I was disappointed by the first one so much that I watched the second one only on Blu Ray and barely made it through the third one at home without fast forwarding.

Now, years later, I find myself rereading TLOTR and thought I give these often maligned films another chance. It helped that I watched them in parts over one week, like a tv show with about 9 installments.

And in contrast to getting bored (and numb from my seat) in the cinema, I really could concentrate now on the films. Surprisingly (for me), they are made masterfully and feature fantastic sequences of spectacle and quiet character moments. Sure, the whole enterprise could have been cut down to two films in order to be really captivating. Then again, the epic length allows for a huge impact on everything, and if one wants to escape into this world it is rewarding to stay there for the length of these three films.
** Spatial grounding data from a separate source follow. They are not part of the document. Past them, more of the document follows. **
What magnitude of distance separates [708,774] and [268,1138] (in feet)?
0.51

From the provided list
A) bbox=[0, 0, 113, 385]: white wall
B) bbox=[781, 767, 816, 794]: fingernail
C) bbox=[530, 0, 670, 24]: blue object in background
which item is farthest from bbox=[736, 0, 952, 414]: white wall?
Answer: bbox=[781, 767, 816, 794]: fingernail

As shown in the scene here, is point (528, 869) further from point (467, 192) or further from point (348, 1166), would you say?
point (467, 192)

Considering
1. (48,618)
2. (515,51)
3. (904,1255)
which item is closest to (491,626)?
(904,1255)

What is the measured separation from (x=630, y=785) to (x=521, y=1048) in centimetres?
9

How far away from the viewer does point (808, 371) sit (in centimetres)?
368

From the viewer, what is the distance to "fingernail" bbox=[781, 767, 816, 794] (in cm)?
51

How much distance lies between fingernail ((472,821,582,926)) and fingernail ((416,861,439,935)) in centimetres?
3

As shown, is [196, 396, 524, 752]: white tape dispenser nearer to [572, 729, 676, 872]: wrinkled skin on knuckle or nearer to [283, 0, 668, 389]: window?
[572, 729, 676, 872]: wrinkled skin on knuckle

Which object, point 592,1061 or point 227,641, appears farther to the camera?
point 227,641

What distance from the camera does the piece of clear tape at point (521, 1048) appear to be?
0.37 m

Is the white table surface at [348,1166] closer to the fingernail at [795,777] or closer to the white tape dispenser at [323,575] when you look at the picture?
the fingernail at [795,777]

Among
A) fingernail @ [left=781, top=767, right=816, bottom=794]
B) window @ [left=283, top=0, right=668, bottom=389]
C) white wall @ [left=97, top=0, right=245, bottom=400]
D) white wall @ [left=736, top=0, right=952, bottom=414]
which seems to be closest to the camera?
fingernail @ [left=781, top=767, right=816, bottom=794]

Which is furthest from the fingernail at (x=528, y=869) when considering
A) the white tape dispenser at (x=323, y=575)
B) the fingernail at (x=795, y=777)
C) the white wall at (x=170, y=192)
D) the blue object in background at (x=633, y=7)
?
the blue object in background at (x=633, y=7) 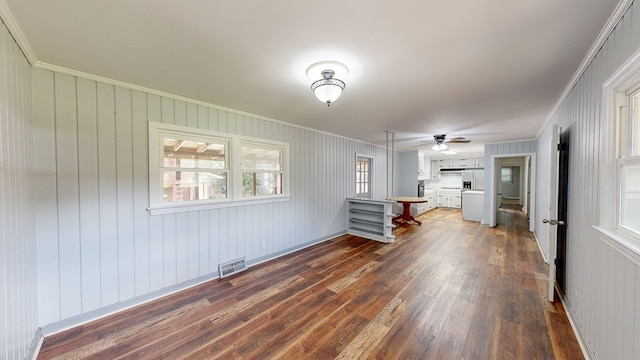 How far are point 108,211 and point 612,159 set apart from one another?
423 cm

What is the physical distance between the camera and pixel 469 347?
6.02 feet

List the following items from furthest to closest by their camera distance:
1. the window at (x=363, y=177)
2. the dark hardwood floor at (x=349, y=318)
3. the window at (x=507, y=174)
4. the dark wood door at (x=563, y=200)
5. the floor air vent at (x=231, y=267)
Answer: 1. the window at (x=507, y=174)
2. the window at (x=363, y=177)
3. the floor air vent at (x=231, y=267)
4. the dark wood door at (x=563, y=200)
5. the dark hardwood floor at (x=349, y=318)

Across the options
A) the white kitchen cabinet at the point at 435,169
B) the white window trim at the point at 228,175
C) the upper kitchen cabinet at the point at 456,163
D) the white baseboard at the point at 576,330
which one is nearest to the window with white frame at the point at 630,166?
the white baseboard at the point at 576,330

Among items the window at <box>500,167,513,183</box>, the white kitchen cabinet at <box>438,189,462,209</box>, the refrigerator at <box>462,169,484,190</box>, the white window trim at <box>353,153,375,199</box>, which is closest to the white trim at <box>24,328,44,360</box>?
the white window trim at <box>353,153,375,199</box>

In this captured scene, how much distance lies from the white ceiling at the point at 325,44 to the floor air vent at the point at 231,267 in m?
2.31

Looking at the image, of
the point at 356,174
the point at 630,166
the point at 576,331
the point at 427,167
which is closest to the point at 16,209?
the point at 630,166

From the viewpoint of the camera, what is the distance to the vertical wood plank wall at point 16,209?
54.2 inches

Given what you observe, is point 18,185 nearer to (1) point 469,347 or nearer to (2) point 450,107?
(1) point 469,347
Yes, the action sequences feel overlong and sometimes too much like video games in which the good guys have extraodinary luck and capabilities. This is especially tiresome in the third one… but then something happens which really surprised me and affected me emotionally. And suddenly I understood that everything that came before in that, pardon me, unrealistic way was preparation for reality to finally hit.
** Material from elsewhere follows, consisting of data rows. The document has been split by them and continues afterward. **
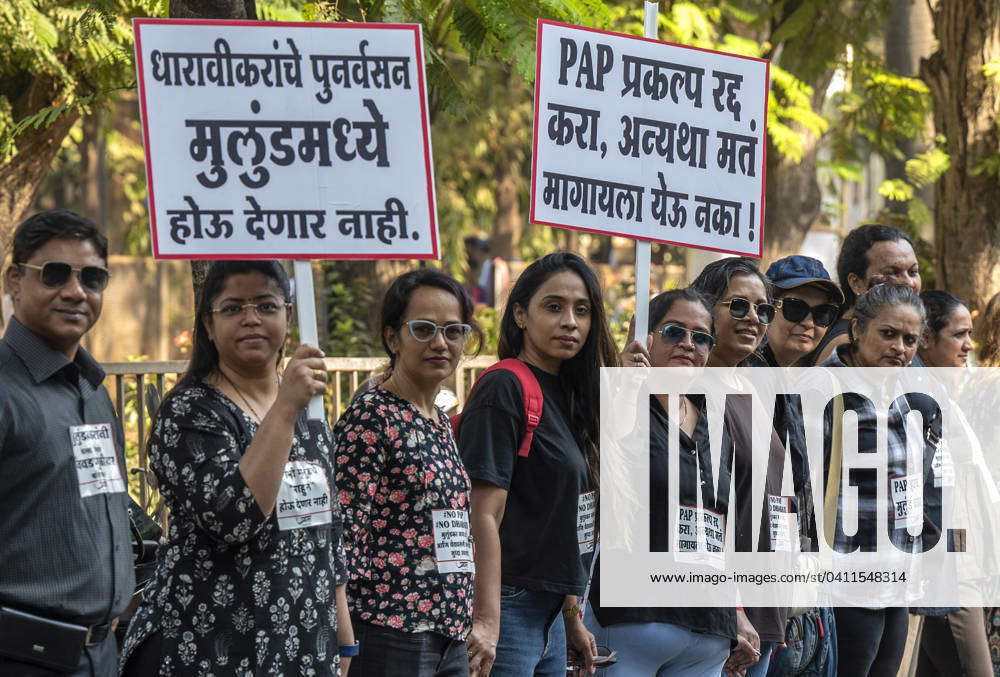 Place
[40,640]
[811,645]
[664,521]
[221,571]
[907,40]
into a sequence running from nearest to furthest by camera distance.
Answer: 1. [40,640]
2. [221,571]
3. [664,521]
4. [811,645]
5. [907,40]

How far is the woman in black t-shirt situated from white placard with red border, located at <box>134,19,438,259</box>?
0.77 m

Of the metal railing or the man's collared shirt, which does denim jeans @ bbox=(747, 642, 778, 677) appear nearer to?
the metal railing

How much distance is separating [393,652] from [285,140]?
59.7 inches

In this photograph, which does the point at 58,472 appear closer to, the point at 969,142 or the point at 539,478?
the point at 539,478

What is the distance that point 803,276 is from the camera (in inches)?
234

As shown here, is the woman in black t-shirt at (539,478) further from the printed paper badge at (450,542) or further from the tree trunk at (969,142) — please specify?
the tree trunk at (969,142)

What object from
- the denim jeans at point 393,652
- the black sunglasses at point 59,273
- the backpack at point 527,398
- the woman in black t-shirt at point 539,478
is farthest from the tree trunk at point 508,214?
the black sunglasses at point 59,273

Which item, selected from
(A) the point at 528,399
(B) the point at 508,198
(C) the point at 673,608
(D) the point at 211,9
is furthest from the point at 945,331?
(B) the point at 508,198

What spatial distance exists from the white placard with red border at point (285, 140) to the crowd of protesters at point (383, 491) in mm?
156

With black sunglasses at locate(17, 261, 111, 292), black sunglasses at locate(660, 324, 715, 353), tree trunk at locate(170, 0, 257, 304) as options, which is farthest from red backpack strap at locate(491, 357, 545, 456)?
black sunglasses at locate(17, 261, 111, 292)

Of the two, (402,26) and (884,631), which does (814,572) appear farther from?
(402,26)

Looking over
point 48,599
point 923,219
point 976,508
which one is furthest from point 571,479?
point 923,219

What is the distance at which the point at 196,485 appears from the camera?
11.6ft

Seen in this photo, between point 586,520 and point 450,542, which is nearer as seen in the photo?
point 450,542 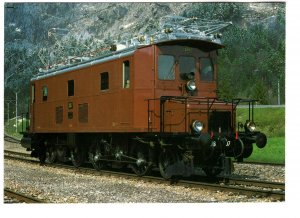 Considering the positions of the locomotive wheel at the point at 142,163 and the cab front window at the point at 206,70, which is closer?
the locomotive wheel at the point at 142,163

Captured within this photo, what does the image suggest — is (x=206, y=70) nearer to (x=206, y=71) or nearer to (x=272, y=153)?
(x=206, y=71)

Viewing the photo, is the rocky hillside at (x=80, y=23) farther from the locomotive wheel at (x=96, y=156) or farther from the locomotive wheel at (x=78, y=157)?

In fact, those quiet, touching scenes, often with the wonderful Martin Freeman, remain in my mind and make me reappreciate this whole gigantic undertaking. They lift up everything else. And they, for me, are the reason to love these films after all.

Maybe I was just fed up with Middle Earth back then by overexposure, maybe the high definition projection got my attention more than the story, to its detriment. But sometimes movies just come at the wrong time. And judging them then does them a disservice.

Therefore, now I am willing to eat my hat and state that THE HOBBIT (all three parts) is a masterpiece and a worthy prequel to the RINGS trilogy.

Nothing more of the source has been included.